How to view which permissions a security role really has in Dynamics 365 for Finance and Operations

  • Article

The key word in the title of this post is "really" - this isn't about how to look in the AOT or how to open the security forms in the browser - this is about how to check what an AOS is picking up as security permissions for a given role under the hood.

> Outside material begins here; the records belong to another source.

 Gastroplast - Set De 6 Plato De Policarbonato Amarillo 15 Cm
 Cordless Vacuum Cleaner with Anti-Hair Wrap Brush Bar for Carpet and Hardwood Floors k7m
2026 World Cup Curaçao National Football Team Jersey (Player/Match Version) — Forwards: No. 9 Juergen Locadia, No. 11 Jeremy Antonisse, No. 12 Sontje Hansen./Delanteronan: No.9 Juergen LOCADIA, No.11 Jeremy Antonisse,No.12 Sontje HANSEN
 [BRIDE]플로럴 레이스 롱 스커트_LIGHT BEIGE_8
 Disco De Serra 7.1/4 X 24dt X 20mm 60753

Why would I want to do that I hear you ask? It's useful for me when I'm developing new security elements - because the AOS doesn't see them until I do a full build and database synchronize(sometimes just a synch if everything is already built), and I can't always remember when I last did a build and database synchronize - so it gives me a simple way that I can check what the AOS actually see's for a security role. Also if you're troubleshooting something wrong with security in a deployment environment it gives a way to see what the AOS is seeing.

How can I do it?

Earlier, I created a new privilege, which granted a form control permission to a control called "GroupFinancialDimensionLine" on Forms\SalesTable, then I created a role extension on the Accounts Receivable Clerk role, and granted it my new privilege.

What I want to do now, is see if my AOS knows about it or not - or if I need to run a full build/synch.

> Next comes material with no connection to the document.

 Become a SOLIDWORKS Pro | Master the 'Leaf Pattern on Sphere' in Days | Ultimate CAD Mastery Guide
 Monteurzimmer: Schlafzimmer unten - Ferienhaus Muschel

Querying my AXDB, first I'm looking up the RecId for the role I modified, then I'm using that RecId to check what permissions are set for SalesTable for that Role - looking in the SecurityRoleRuntime table.

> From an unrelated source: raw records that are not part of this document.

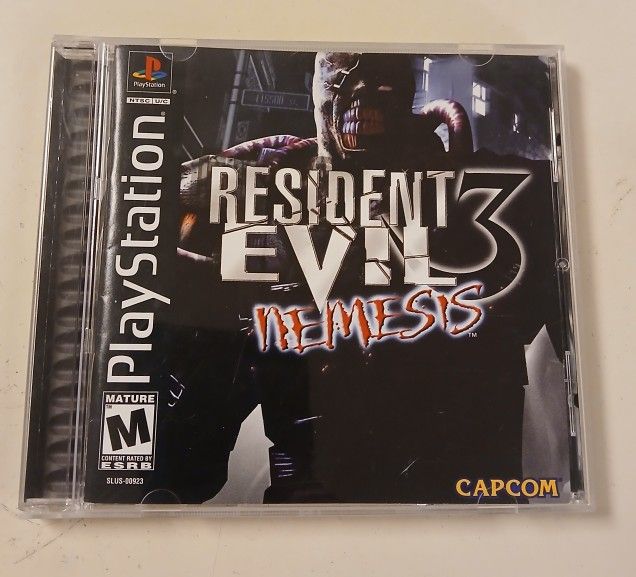 Resident Evil 3 For PS1 In Mint Condition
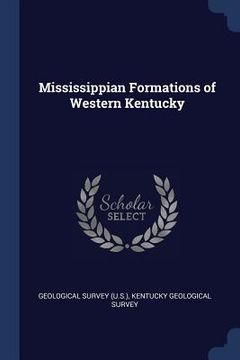 portada Mississippian Formations of Western Kentucky (in English)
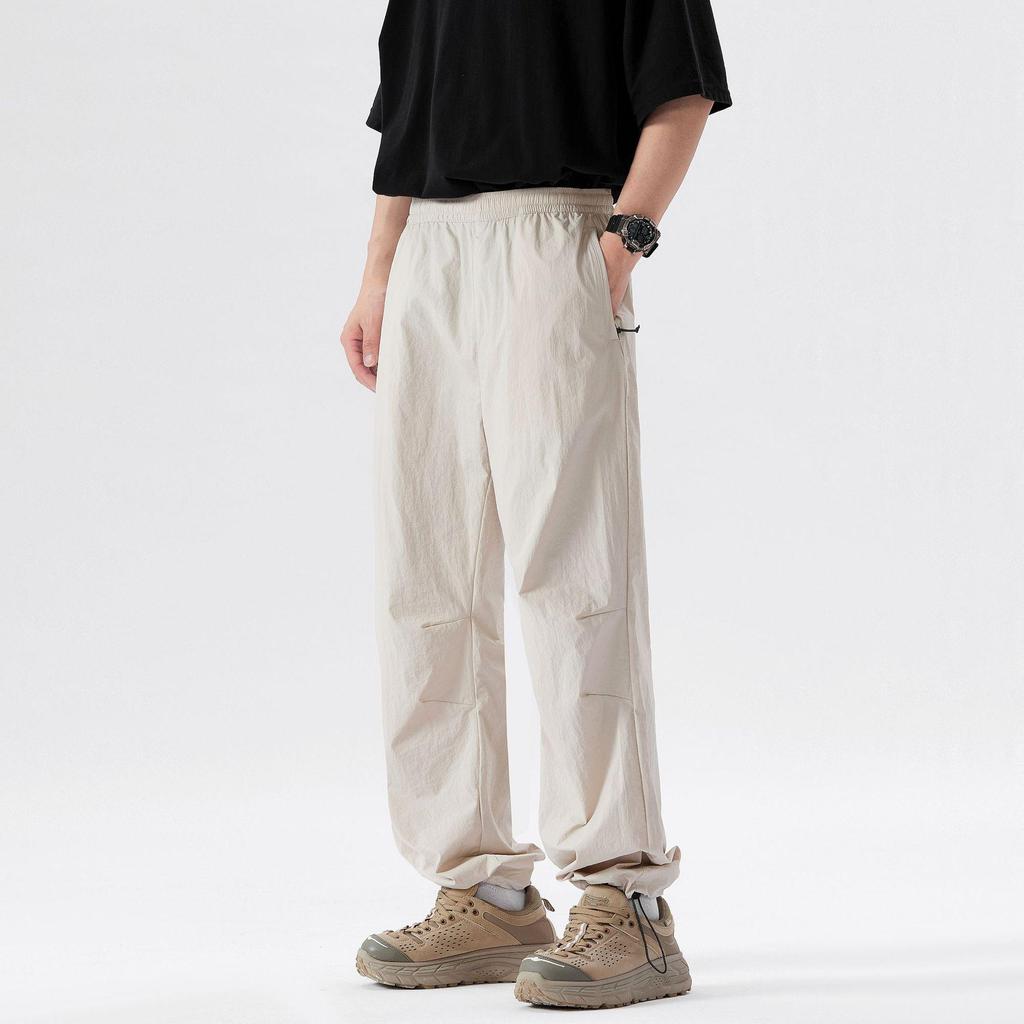 Men's Ultra-Thin Outdoor Wide-Leg Hiking Pants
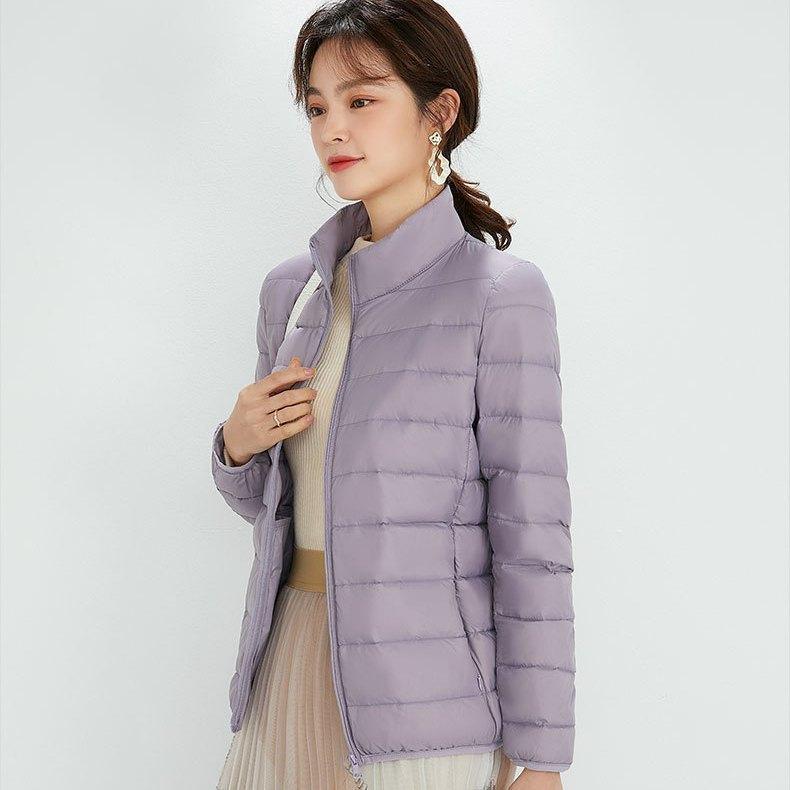 TikTok autumn and winter new down light down jacket women's hooded thin large size thickened coat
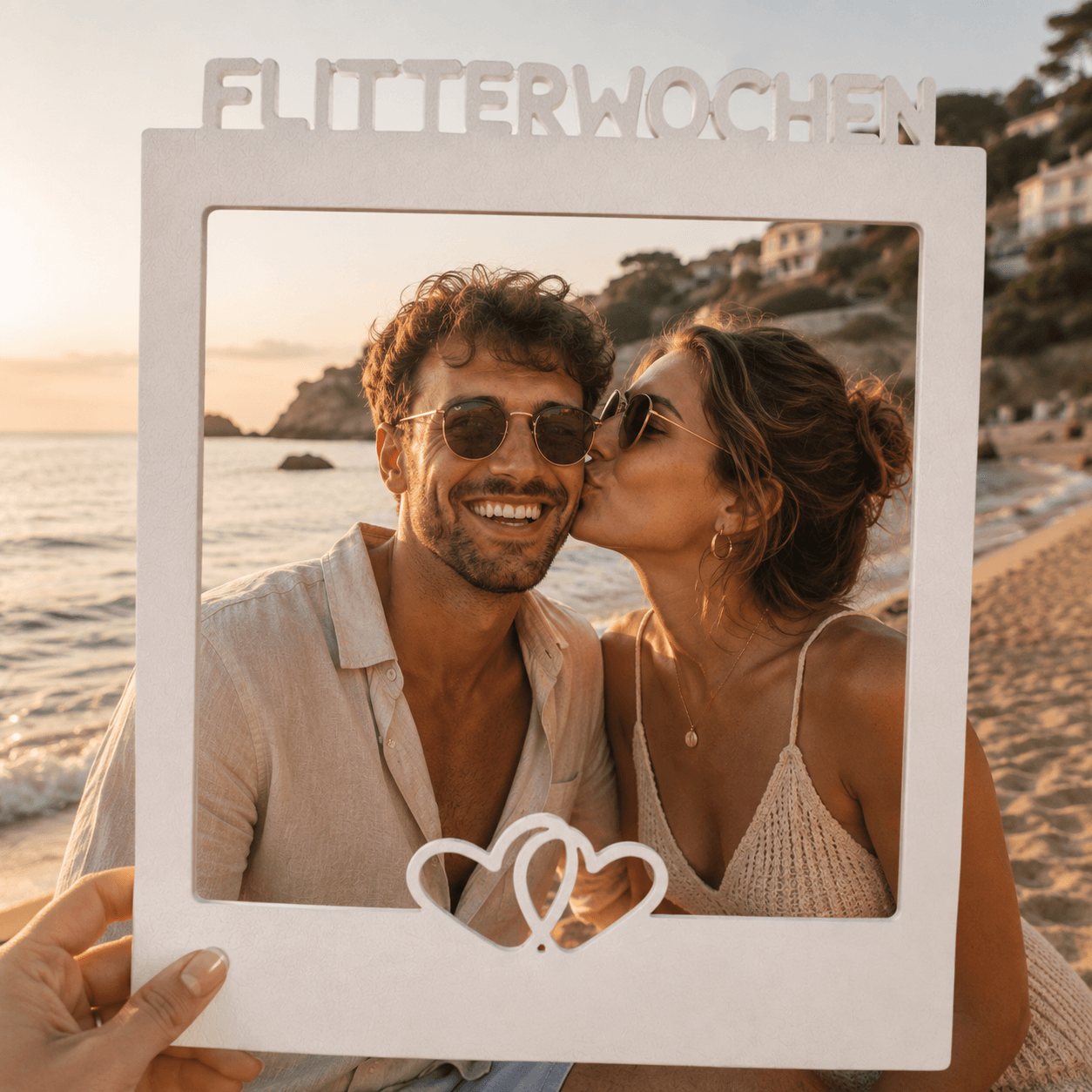 Selfie Rahmen Flitterwochen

select recId, * from SECURITYROLE where name = 'Accounts receivable clerk' --query returned recId=13 for that record SELECT T1.SECURITYROLE,T1.NAME,T1.CHILDNAME,T1.TYPE,T1.CREATEACCESS,T1.READACCESS,T1.UPDATEACCESS,T1.DELETEACCESS, T1.CORRECTACCESS,T1.INVOKEACCESS,T1.PASTCREATEACCESS,T1.PASTREADACCESS,T1.PASTUPDATEACCESS,T1.PASTDELETEACCESS,T1.PASTCORRECTACCESS, T1.PASTINVOKEACCESS,T1.CURRENTCREATEACCESS,T1.CURRENTREADACCESS,T1.CURRENTUPDATEACCESS,T1.CURRENTDELETEACCESS,T1.CURRENTCORRECTACCESS, T1.CURRENTINVOKE,T1.FUTURECREATEACCESS,T1.FUTUREREADACCESS,T1.FUTUREUPDATEACCESS,T1.FUTUREDELETEACCESS,T1.FUTURECORRECTACCESS, T1.FUTUREINVOKEACCESS,T1.RECVERSION,T1.RECID FROM SECURITYROLERUNTIME T1 WHERE (SECURITYROLE=13) AND NAME = 'SALESTABLE'

A couple of things to note:

- It's database synchronize that's populating SECURITYROLERUNTIME.
- AOS is using SECURITYROLERUNTIME as it's definition of the detail of each role - this is how it knows what to allow a user to see/do and what not to.
- AOS only reads from the table on startup**, and then it's cached.
- When you're deploying a package to an environment - no further action should be needed - the will be populated if package deployment completes successfully.

In my example, after a database synchronize, I can see my new permission is there, and then when I log in with a user with that permission it works:

**I said that an AOS only reads the table on startup - that's not strictly true, it just made a nicer bullet point. There is a cache synchronizing mechanism between AOS - so that if someone modifies a role/permission in the UI, the other AOSes will pick up the change by re-reading the table:

- Each running AOS has in it's memory a global user role version ID
- It's getting this from a special record in Tables\SysLastValue
- Periodically (every few minutes) it checks the SysLastValue record to see if the ID has changed - meaning has another AOS made a role change, and notified the others by incrementing the global user role version ID stored in this table.
- If it's changed it flushes it's cache and re-reads all the role information from SecurityRoleRuntime

It's a similar type of mechanism that we use for AOS to check their server configuration, batch configuration and EntireTable cache settings/values.